The legislature responded to Ontiveros in 1986 by codifying the principle of dram-shop liability.[6] But the new statute limited liability to cases in which a barkeeper serves someone who is “obviously intoxicated,” a higher standard than the common law version of this liability, which merely required that the drinker be so inebriated that it was “unreasonable” to serve him. 

This set the stage, decades later, for the Torres case, in which the jury found a barkeeper liable under the common-law dram-shop theory, but not the statutory theory, because the customer (who killed two people in a drunk-driving collision) was not “obviously intoxicated” when served, but drunk enough that it would create “an unreasonable risk of harm to others” to serve him.[7]

On appeal, the Arizona Supreme Court had to determine whether the statute entirely preempted the common law theory—which, in turn, required it to decide whether such preemption would violate the anti-abrogation clause. That, said the justices in a 6-1 ruling, was an easier question than it might seem, because the anti-abrogation clause applies solely to causes of action recognized by courts in 1912.  Since even Ontiveros conceded that dram-shop liability did not exist then, the clause did not bar the legislature from substituting the statute—with its more demanding evidentiary burden—for the common law action recognized in 1983.

But Vice Chief Justice Ann Timmer, writing in dissent, thought this easy answer was too easy.

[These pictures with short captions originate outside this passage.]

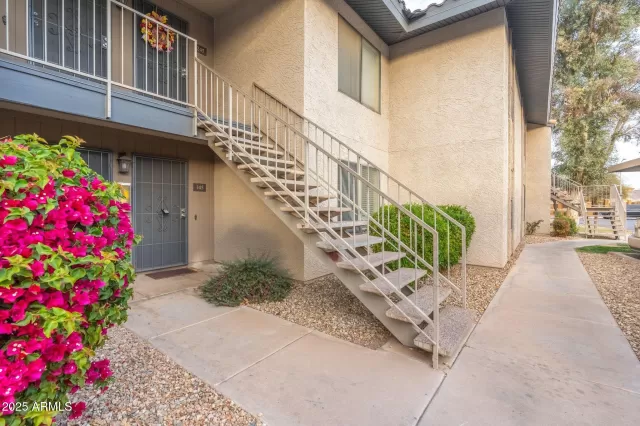 MLS: 6821009 Condo For Sale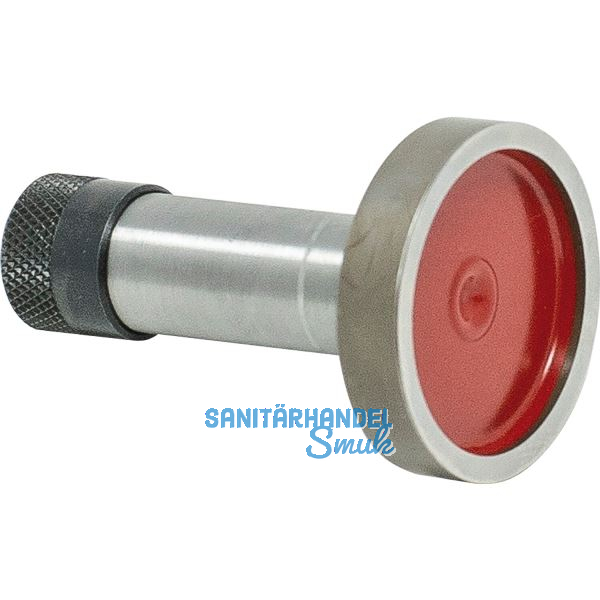 SI-TEC Obere R�ckenrolle komplett Gr. 3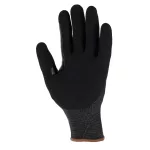 CLAW CUT D 500,OIL,21G,TENYERÉN DUPLA MÁRTÁS NITRIL+SANDY_06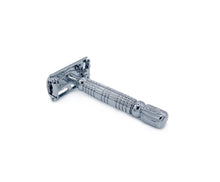 Load image into Gallery viewer, Safety Razor, Rockwell
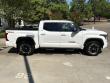 2023 Toyota Tundra 4WD SR5 Pickup
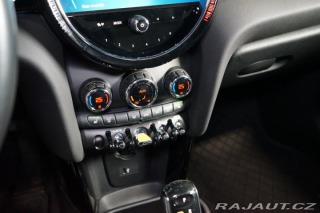 Mini Cooper SE*LED*CAMERA*CARPLAY* 2021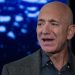 Jeff Bezos se retira del mando operativo Amazon, pero deja atrás una sólida herencia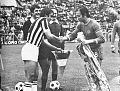 Serie A 1975-76 - Côme vs Juventus - Pietro Anastasi et Claudio Correnti.jpg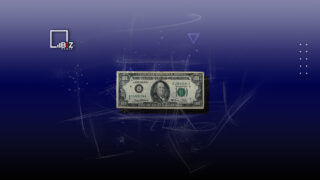 Доходность по госдолгу США выросла до 10-летнего максимума, тенге может ослабнуть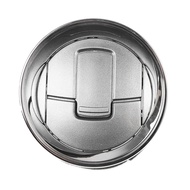 New Dashboard A/C Vent Inner Louvre For Ford F-150 2009-2014 9L3Z-19893-CA 9L3Z19893CA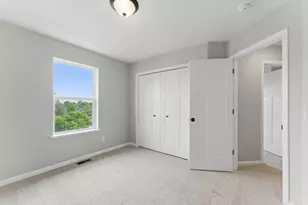 23140 Willow Dr, Rogers, MN 55374 - Photo 21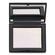 NARS Cosmetics Light Reflecting Setting Powder Aurora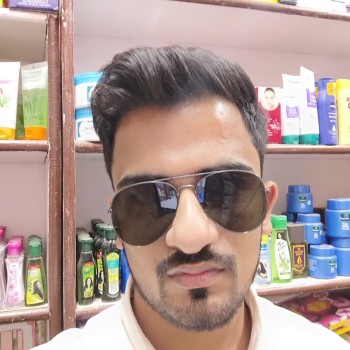 Aman l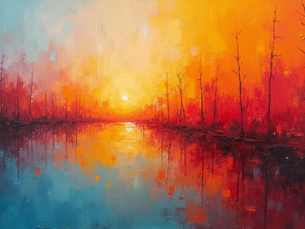 Discover Abstract and Hyperrealism at Nietoworldwide
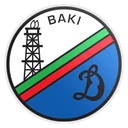 Dinamo Bakı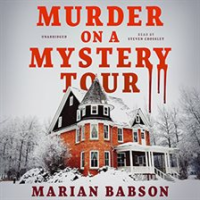Murder_on_a_Mystery_Tour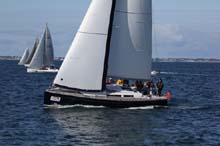 2009_0413_100000AB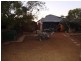 32 North Terrace BOULDER, Kalgoorlie WA 6430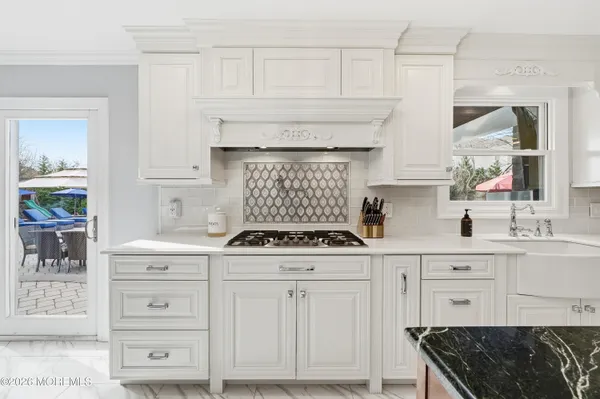 $2,399,000 | 30 Muncy Drive, West Long Branch, NJ 07764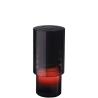 Trussardi Primo Eau De Parfum 50 ml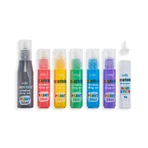 Set créatif pour vitrail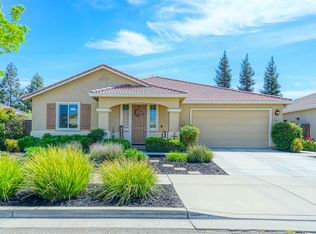 4831 Langley Way, Merced, CA 95348
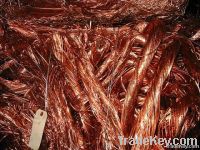 Copper Scraps Suppliers | Copper Scrap Exporters | Copper Scrap Manufacturers | Cheap Copper Scrap | Wholesale Copper Scraps | Discounted Copper Scrap | Bulk Copper Scraps | Copper Scrap Buyer | Import Copper Scrap | Copper Scrap Importers | Copper Scrap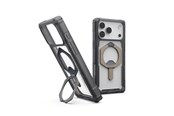 Handys - Cover & Cases - UAG Plasma XTE MagSafe - ash/titanium - iPhone 18 Pro Max/17 Pro Max - 114528113136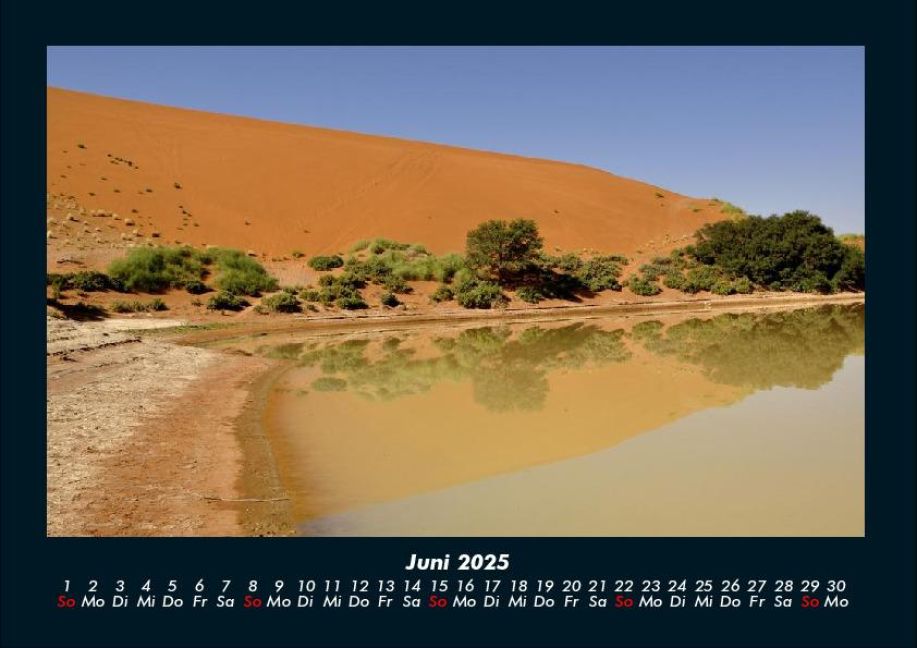 InsideView 10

She argued that, “[d]espite its unique name,” dram-shop liability “is just [an action] for simple negligence,” and “a simple negligence action to recover compensation for physical injuries indisputably existed at statehood.”[8]  She conceded that the general rule in 1912 was that tavernkeepers enjoyed immunity for that type of negligence, but nothing in the constitution’s anti-abrogation clause froze such immunity in place. On the contrary, she wrote, the authors of the anti-abrogation clause were entirely comfortable with the idea of courts “develop[ing] then-existing common law causes of action, molding them to fit modern situations unimagined in 1912.”[9]

Justice Clint Bolick responded to the Vice Chief Justice in a concurrence. He argued that, under Timmer’s theory, “so long as the resulting [liability] rule derives from a generic tort recognized at statehood (here, negligence), the judiciary possesses unbounded power to create new duties, liabilities, and damages; not only those that did not exist when our state was established, but even those that were actually prohibited”—and these new liabilities would enjoy constitutional sanctity.[10] This, he concluded, was a form of “living constitutionalism” that would contradict democratic principles.[11] But as Vice Chief Justice Timmer observed, the “progressive-minded” authors of Arizona’s Constitution expressly chose to limit democratic power in this respect—precisely because they “feared governmental interference with people’s ability to recover compensation for injuries under common law actions.”[12] What’s more, plentiful democratic checks on Arizona courts remain: the initiative process can override unpopular judicial decisions, and Arizona judges are subject to retention elections.

Although seemingly simple, Torres touches on one of the most charged of all constitutional tensions: on one hand, the fact that the principles of reason underlying the law must apply differently in different contexts, and on the other, the constitution’s role in limiting that evolution to ensure the safety and happiness of the people.


[1] 536 P.3d 790 (Ariz. 2023).

[2] Ariz. Const. art. XVIII, § 6.

[3] 667 P.2d 200 (Ariz. 1983).

[4] Id. at 204 (citations omitted).

[5] Id. at 205.

[6] A.R.S. §§ 4-311, 4-312.

[7] Torres, 536 P.3d at 792 (emphasis added).

[8] Id. at 805 (Timmer, V.C.J., dissenting).

[9] Id. at 806 (Timmer, V.C.J., dissenting).

[10] Id. at 799 (Bolick, J., concurring).

[11] Id.

[12] Id. at 809 (Timmer, V.C.J., dissenting).